O mais curioso é que todo esse pessimismo surgiu bem na hora que eu estava estudando a escola dos céticos em filosofia. No meu curso, o professor dividiu o pensamento filosófico em três linhas:
- Dogmáticos: acreditam que é possível encontrar a verdade;
- Acadêmicos: acreditam que é impossível encontrar a verdade;
- Céticos: acreditam que não se pode afirmar se é possível ou impossível encontrar a verdade.
No mundo dos investimentos, nós não sabemos, de verdade, como serão os próximos 60 anos — que é o horizonte de tempo que considero relevante pra mim. Eu não sei se o governo federal vai honrar a dívida interna, se haverá manipulação da inflação, se o real vai derreter, ou se vamos passar por uma nova hiperinflação.

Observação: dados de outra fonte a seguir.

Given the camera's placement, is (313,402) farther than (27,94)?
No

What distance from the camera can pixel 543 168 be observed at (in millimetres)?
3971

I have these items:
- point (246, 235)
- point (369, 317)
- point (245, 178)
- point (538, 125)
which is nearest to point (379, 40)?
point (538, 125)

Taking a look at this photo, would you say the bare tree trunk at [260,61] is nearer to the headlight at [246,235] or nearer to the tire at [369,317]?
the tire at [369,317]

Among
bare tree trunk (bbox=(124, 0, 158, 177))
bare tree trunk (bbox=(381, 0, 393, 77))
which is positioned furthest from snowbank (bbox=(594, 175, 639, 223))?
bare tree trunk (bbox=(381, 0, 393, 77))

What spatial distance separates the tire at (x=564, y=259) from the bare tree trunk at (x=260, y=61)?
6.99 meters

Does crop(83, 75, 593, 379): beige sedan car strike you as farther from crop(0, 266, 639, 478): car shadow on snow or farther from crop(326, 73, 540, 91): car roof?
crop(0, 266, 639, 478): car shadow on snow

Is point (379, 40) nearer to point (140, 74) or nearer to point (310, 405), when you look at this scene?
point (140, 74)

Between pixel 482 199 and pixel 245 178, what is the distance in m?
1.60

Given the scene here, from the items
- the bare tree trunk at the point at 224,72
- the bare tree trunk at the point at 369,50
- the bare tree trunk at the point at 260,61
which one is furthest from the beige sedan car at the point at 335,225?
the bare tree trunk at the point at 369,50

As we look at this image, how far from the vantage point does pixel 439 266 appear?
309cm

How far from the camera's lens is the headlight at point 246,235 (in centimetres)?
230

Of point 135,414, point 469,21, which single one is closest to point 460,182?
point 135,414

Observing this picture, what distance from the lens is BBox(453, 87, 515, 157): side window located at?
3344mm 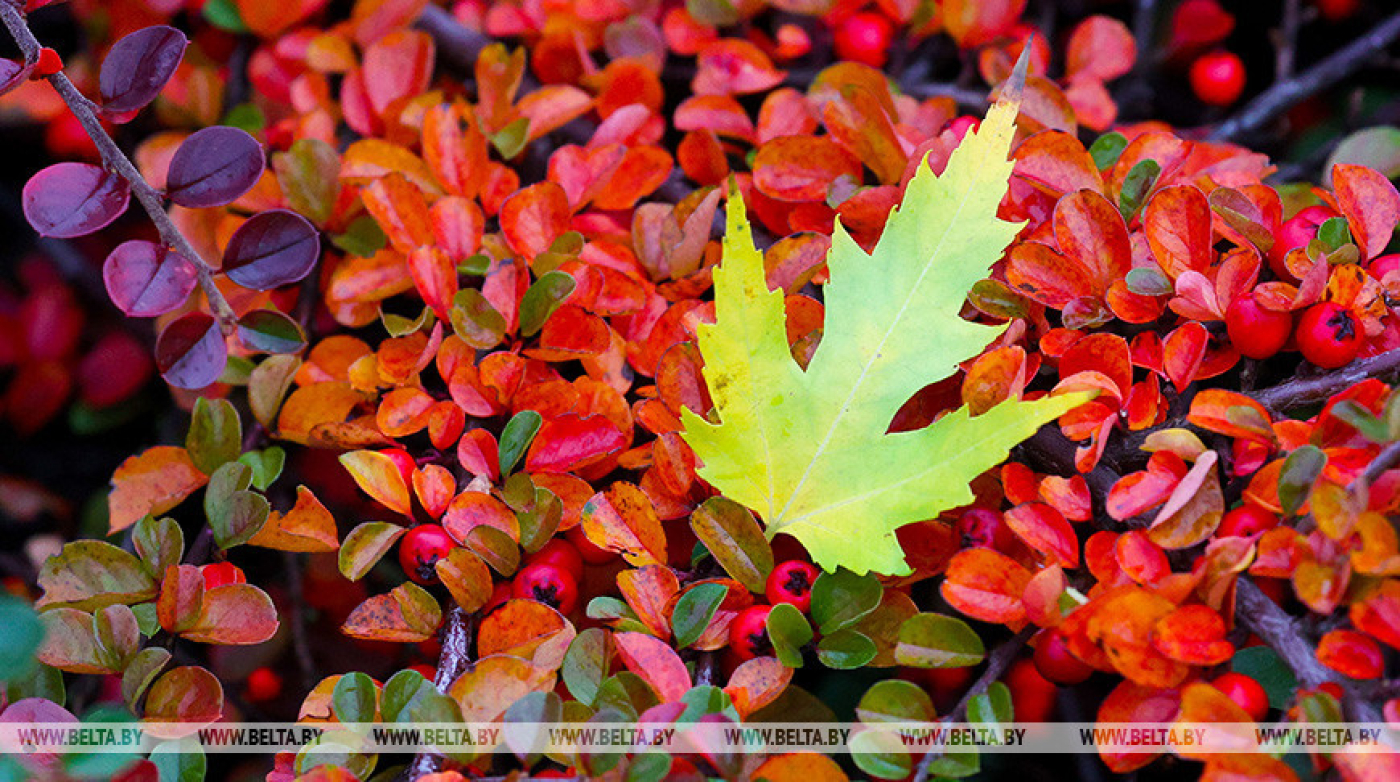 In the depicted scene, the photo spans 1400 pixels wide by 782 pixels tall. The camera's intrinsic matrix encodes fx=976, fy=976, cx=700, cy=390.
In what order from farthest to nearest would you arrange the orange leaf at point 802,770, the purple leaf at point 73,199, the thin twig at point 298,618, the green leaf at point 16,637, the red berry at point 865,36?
the red berry at point 865,36, the thin twig at point 298,618, the purple leaf at point 73,199, the orange leaf at point 802,770, the green leaf at point 16,637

E honestamente, eu também não sei a verdade sobre várias outras classes de ativos. Não sei se os fundos imobiliários serão melhores no futuro, se ações de boas pagadoras de dividendos vão bater o Renda+, ou se o S&P em dólar continuará sendo altamente rentável.
Se eu pareci dogmática com relação ao Renda+, não foi essa a intenção. Esse é um blog opinativo porque acredito que ser ativo é melhor do que ser inerte. Mesmo reconhecendo que não temos domínio sobre a verdade, eu continuo achando que não investir é pior do que investir.
E como agir nesse cenário de incerteza? A melhor forma que encontrei foi usar o bom senso. Apesar de não saber como será o futuro dos investimentos, eu posso olhar para o passado. E no passado:
- A renda fixa no Brasil ganhou da renda variável em muitos períodos;
- Ciclos de baixa nos juros dificultaram o reinvestimento;
- Casos de calote na dívida interna foram raros, assim como episódios de hiperinflação;
- Estratégias passivas geralmente performaram melhor que as ativas;
- Títulos IPCA+ venceram os prefixados na maioria dos ciclos;
- E o dólar, historicamente, teve correlação negativa com os títulos IPCA+, o que o tornou uma boa diversificação.
Além disso, me dou o direito de mudar de opinião. Se no futuro os dados indicarem que os títulos IPCA+ já não são mais uma boa opção, ou que diversificar com renda variável em moeda forte deixou de fazer sentido, vou revisar minha estratégia. E, ao contrário do que muitos acreditam, é totalmente possível vender os títulos do Renda+ antes do vencimento. É claro, isso pode ocorrer por um preço inferior ao da compra, assim como pode acontecer com qualquer investimento em ações ou FIIs.
Se você está cético em relação ao Renda+, saiba que eu também sou. Não me coloco na posição dos dogmáticos, nem me identifico com os acadêmicos, na definição clássica apresentada pelo meu professor de filosofia. Eu sigo investigando. E talvez a verdade — se é que existe — só venha aos 90 anos de idade. Até lá, sigo estudando, escrevendo e investindo — com o bom senso como guia.